• **Work required**: Among the entries below, only the lines from the one with "Evaluacion N°3 Biologia Ciclo Iii PDF" through the one with "In-house lab for OEM and private label" are wanted, reproduced exactly. Pictures are not wanted.

• **Dataset extract**:
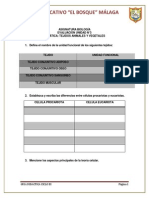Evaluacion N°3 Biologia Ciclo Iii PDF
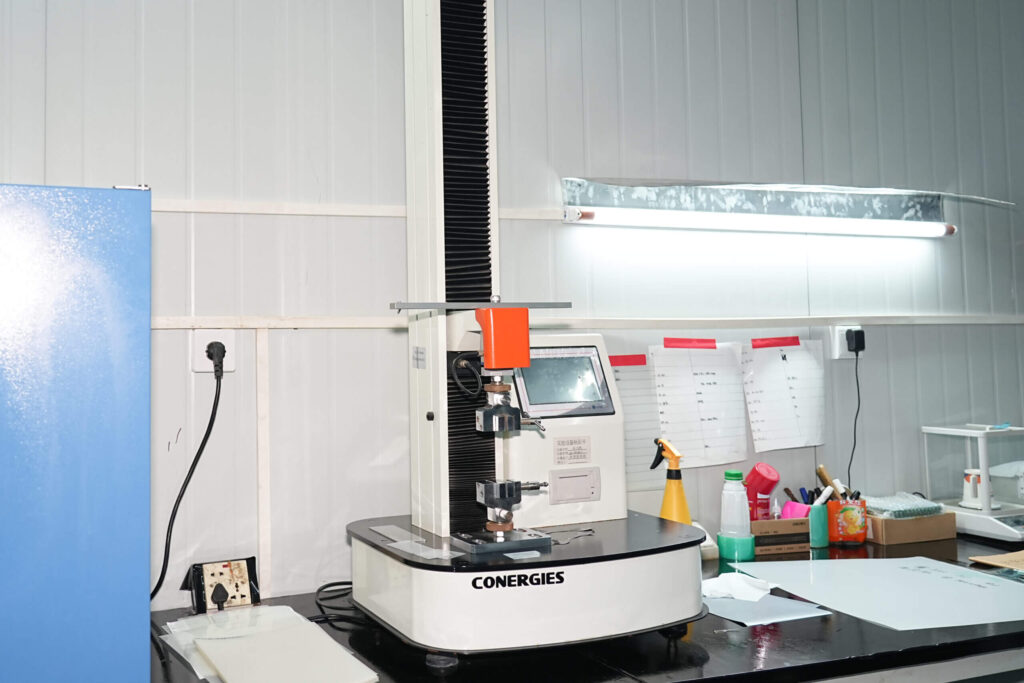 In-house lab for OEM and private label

* * *

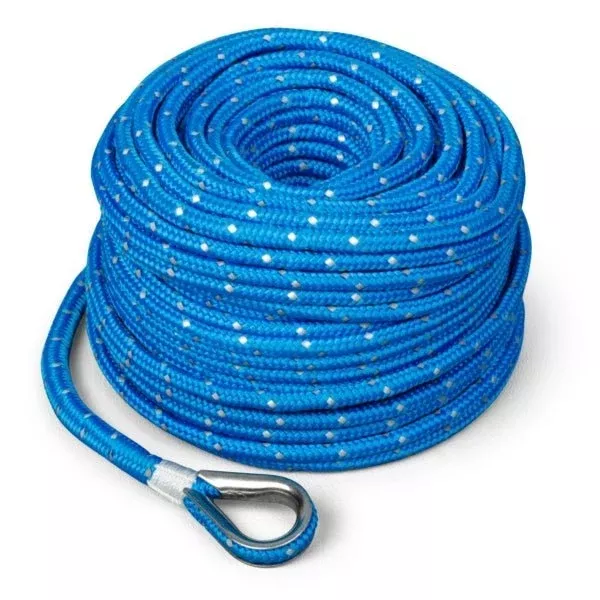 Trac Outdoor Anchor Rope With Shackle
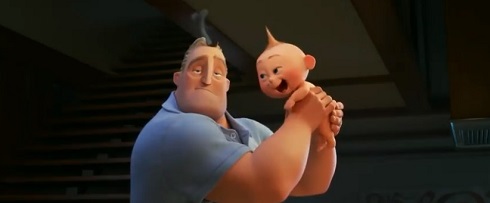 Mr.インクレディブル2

* * *

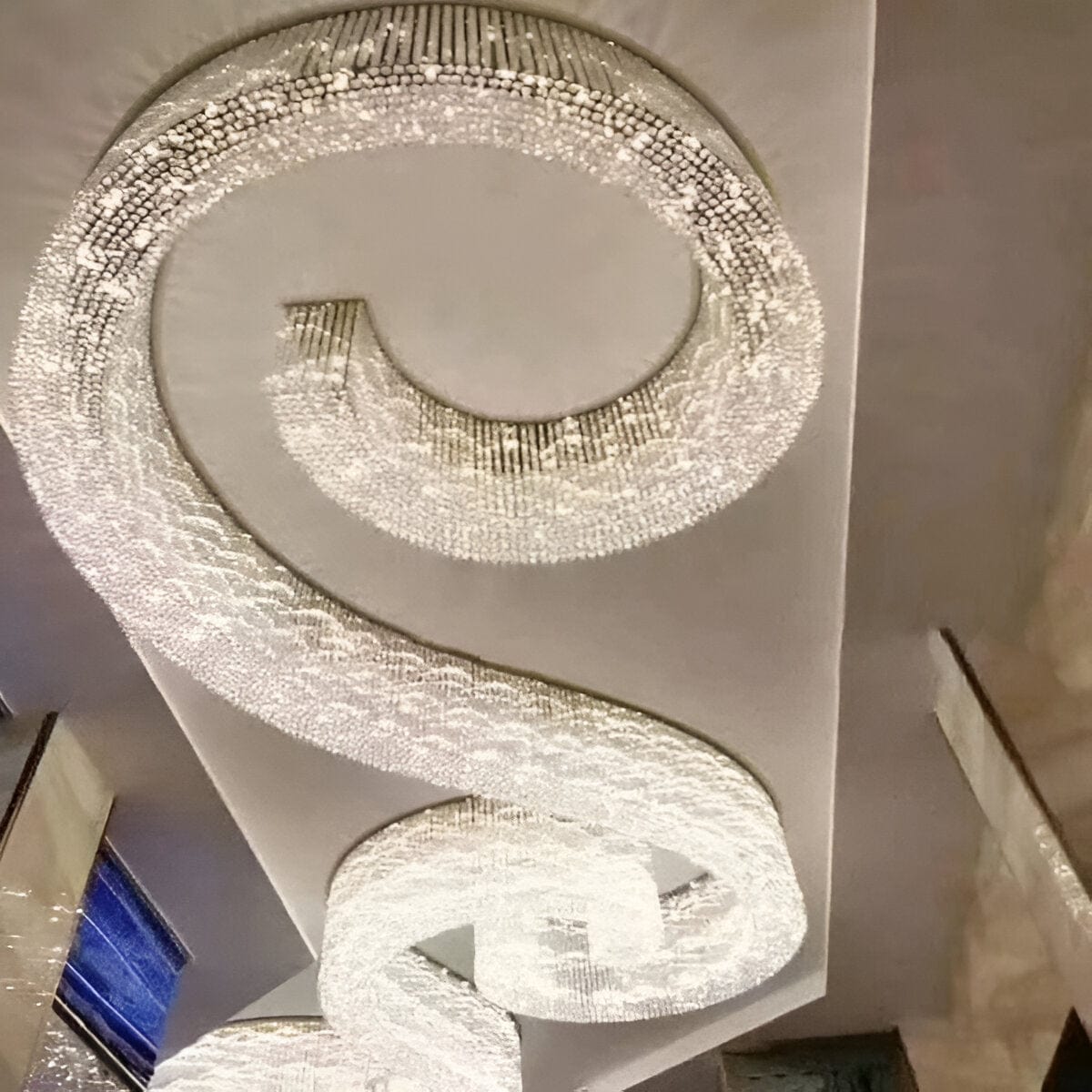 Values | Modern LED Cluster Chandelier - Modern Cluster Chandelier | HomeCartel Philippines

• **Reply**:
Evaluacion N°3 Biologia Ciclo Iii PDF
 In-house lab for OEM and private label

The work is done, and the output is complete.